Once Dead, Twice ShyTitle: Once Dead, Twice Shy
Author: Kim Harrison
ISBN: 9780061718168
Pages: 232 pages
Publisher: HarperCollins Publisher, c2009.

Everyone does it. Dies, I mean. I found this out for myself on my seventeenth birthday when I was killed in a freak car accident on my prom night. But it was no accident. It was a carefully planned scything, just a small moment in the battle between light reapers and dark, heaven and hell, choice and fate. Only I didn’t check out of my life like most dead people do. Thanks to a mistake, I’m stuck, dead on earth. The angel who failed to protect me and the amulet I stole from my killer are the only things keeping me from ending up where the dark reapers wanted me to be. Dead, that is.

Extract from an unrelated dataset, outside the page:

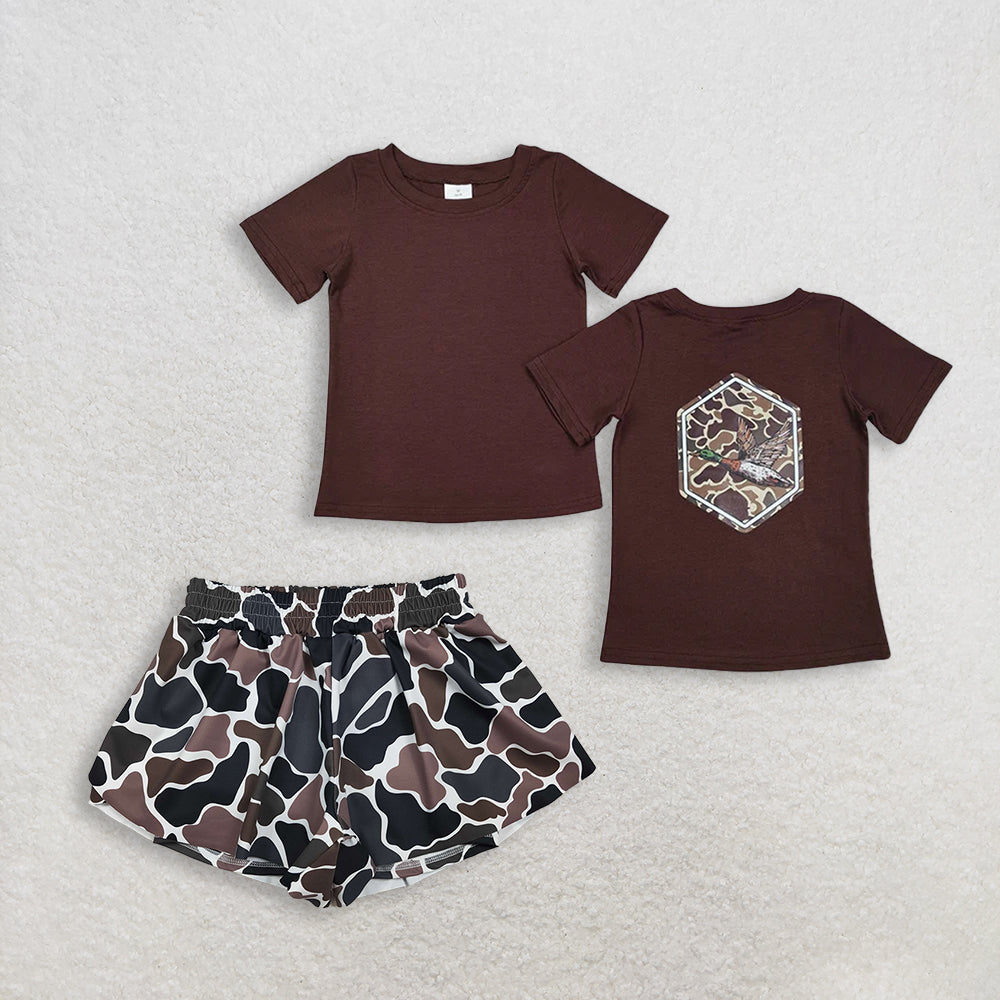 RTS NO MOQ BT1090+SS0773Baby Boys Brown Camo Duck Short Sleeve Tee Tops Girls Brown Camo Yoga Active Ruffle Shorts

My name is Madison Avery, and I’m here to tell you that there’s more out there than you can see, hear, or touch. Because I’m seeing it, hearing it, touching it, living it. (vii)

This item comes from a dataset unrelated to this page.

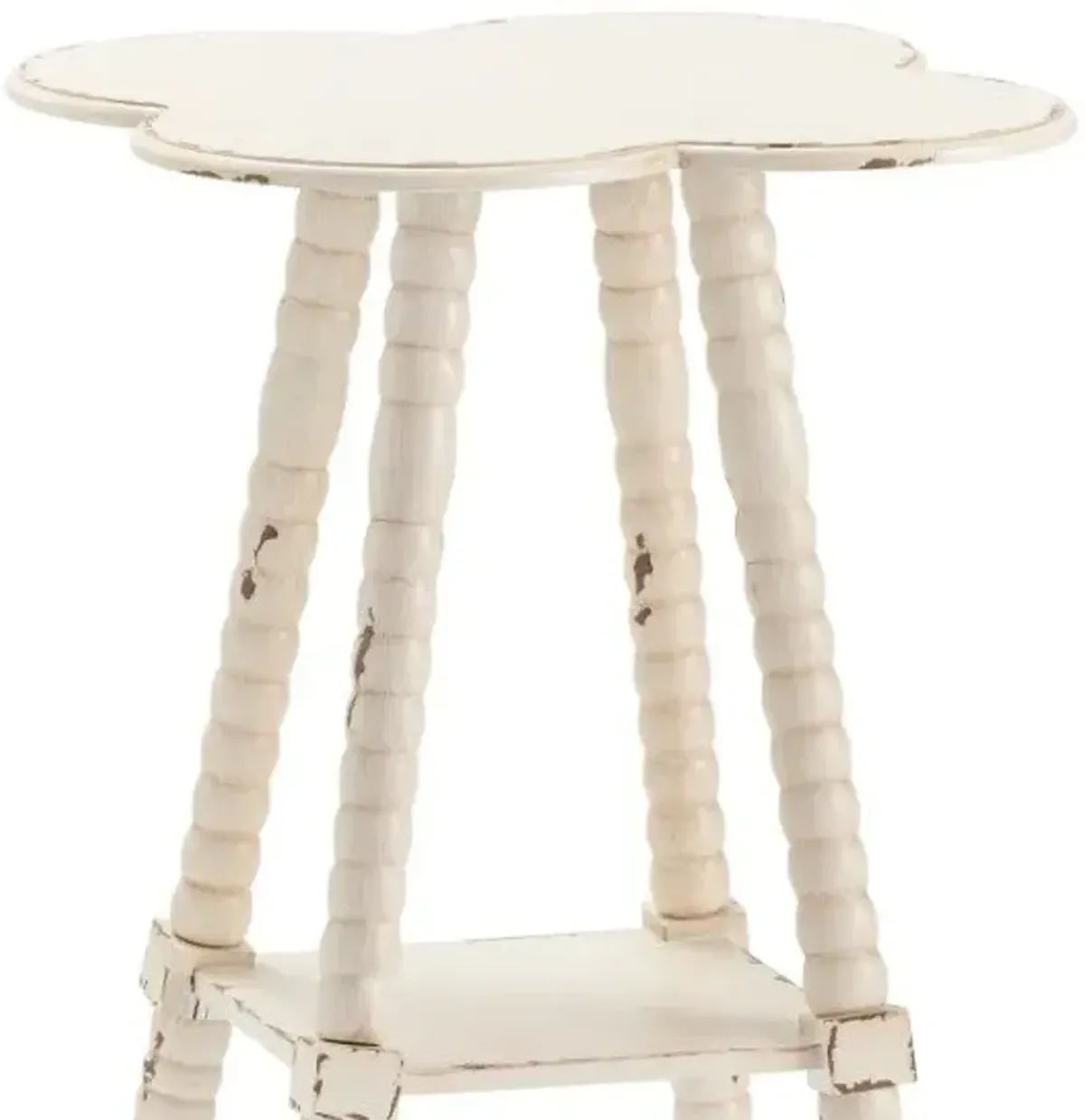 Crestview Clover Off-White Side Table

Kim Harrison’s Once Dead, Twice Shy doesn’t waste time with an introduction. Seventeen-year-old Madison Avery now lives with her dad, who has no knowledge of the night his daughter died. She’s being trained by a light reaper to try to extend her “life”, with little success after four months. The killer is still trying to find Madison, finish the job, and reclaim his amulet to restore his full power. But when her body guard is called away and she finds herself under the watchful eye of an inexperienced guardian angel, Madison finds it necessary to tell the only other person who was there that night what really happened. On a race to save their lives, or in Madison’s case restore it, Madison is left wondering who she can really trust.

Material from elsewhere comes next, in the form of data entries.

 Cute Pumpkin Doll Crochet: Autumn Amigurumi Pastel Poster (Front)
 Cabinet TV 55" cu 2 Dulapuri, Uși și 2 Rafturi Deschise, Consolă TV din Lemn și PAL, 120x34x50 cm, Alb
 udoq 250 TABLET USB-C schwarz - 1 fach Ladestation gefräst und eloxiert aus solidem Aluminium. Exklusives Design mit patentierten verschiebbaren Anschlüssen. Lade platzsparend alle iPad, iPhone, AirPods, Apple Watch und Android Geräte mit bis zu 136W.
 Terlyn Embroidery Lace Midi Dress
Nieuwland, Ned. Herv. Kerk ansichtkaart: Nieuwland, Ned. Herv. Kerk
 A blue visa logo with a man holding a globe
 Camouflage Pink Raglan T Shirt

On the one hand, it’s an interesting way of writing a story, just diving right in, with almost no initial back story. Apparently, Harrison tells the back story in her contribution to the collection Prom Nights From Hell, but I haven’t read that yet. So the story reads almost like a movie that you come into late, and then the projector fails and you don’t get the end, which makes it somewhat unnerving. While the mythology and concept are well thought out and definitely detailed, the twists and turns and espionage make it more than a light read. Paranormal fans might like the concept, but it seems almost half-cooked, with a lot left unexplained. Maybe Harrison will explain it in coming books, but it’s fruastrating to me personally.